Quetzalcoatlus (named for the Aztec feathered serpent god Quetzalcoatl) was a pterodactyloid pterosaur known from the Late Cretaceous of North America (CampanianMaastrichtian stages, 84–65 ma), and one of the largest known flying animals of all time. It was a member of the Azhdarchidae, a family of advanced toothless pterosaurs with unusually long, stiffened necks.

Discovery and species

The first Quetzalcoatlus fossils were discovered in Texas (from the Javelina Formation at Big Bend National Park) in 1971 by Douglas A. Lawson. The specimen (numbered TMM 41450-41453) consisted of a partial wing (made up of the forearms and elongated 4th finger in pterosaurs), from an individual later estimated at over to 10 m (33 ft) in wingspan. Lawson assigned the specimen to a new genus and species, Quetzalcoatlus northropi. A second, yet-unnamed species from Texas was reported by Kellner and Langston in 1996. The specimen (known provisionally as Q. sp.) is more complete than Q. northropi, and includes a partial skull, though it is much smaller, with an estimated wingspan of 5.5 meters (18 ft).

An azhdarchid neck vertebrae, discovered in 2002 from the Hell Creek Formation, may also belong to Quetzalcoatlus.

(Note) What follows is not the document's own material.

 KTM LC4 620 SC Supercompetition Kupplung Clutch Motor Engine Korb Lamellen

The specimen (BMR P2002.2) was recovered accidentally when it was included in a field jacket prepared to transport part of a tyrannosaur specimen. Despite this association with the remains of a large carnivorous dinosaur, it shows no evidence that it was fed on by the dinosaur. The bone came from an individual pterosaur estimated to have had a wingspan of 5 - 5.5m (16.5 - 18 ft).

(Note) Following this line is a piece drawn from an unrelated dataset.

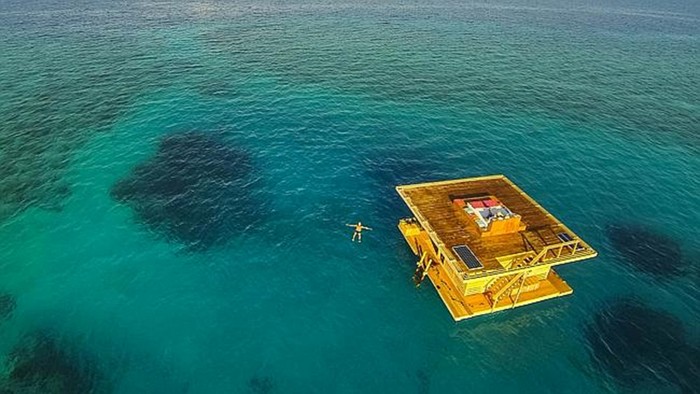This private floating hotel has an underwater bedroom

There are a number of different ideas about the lifestyle of Quetzalcoatlus. With its long neck vertebrae and long toothless jaws it might have fed on fish like a heron, or perhaps it scavenged like the Marabou Stork. Others maintain that it fed like modern-day skimmers. Presumably Quetzalcoatlus could take off under its own power, but once aloft it may have spent much of its time soaring. On the ground, Quetzalcoatlus probably walked on all fours. Recent studies suggest that it may have hunted on the ground like a modern stork, using flight as a method of long-range transport. There have been suggestions that the largest Quetzalcoatlus specimens represent an upper biological limit for flight. The largest remains indicate an individual with a wingspan as large as 12 m (40 ft), though more recent estimates based on greater knowledge of azhdarchid proportions place its wingspan at 10-11 meters (33-36 ft). However, similar claims to an upper size limit for flight accompanied the discovery of large (up to 9 m (30 ft)) Pteranodon, and azhdarchids larger than Quetzalcoatlus with wingspans 12 meters or more (such as Hatzegopteryx) have been discovered.

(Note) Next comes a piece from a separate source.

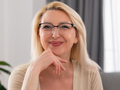 Uśmiechnięta blondynka w okularach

During the Cretaceous period, Texas' climate was similar to modern tropical coastal wetlands and lagoons, extending along the Cretaceous Seaway that filled the center of North America. Bones of related animals are also known from Dinosaur Provincial Park, Alberta, Canada.

Along with the dinosaurs, Quetzalcoatlus became extinct at the end of the Cretaceous period.

In popular culture

There is a fictional species of Quetzalcoatlus known as Skybax in the Dinotopia series. It is also featured in the nature documentary Walking with Dinosaurs episode "Death of a Dynasty", 3rd episode of Dinosaur Planet, and When Dinosaurs Roamed America, episode 5 (Late Cretaceous).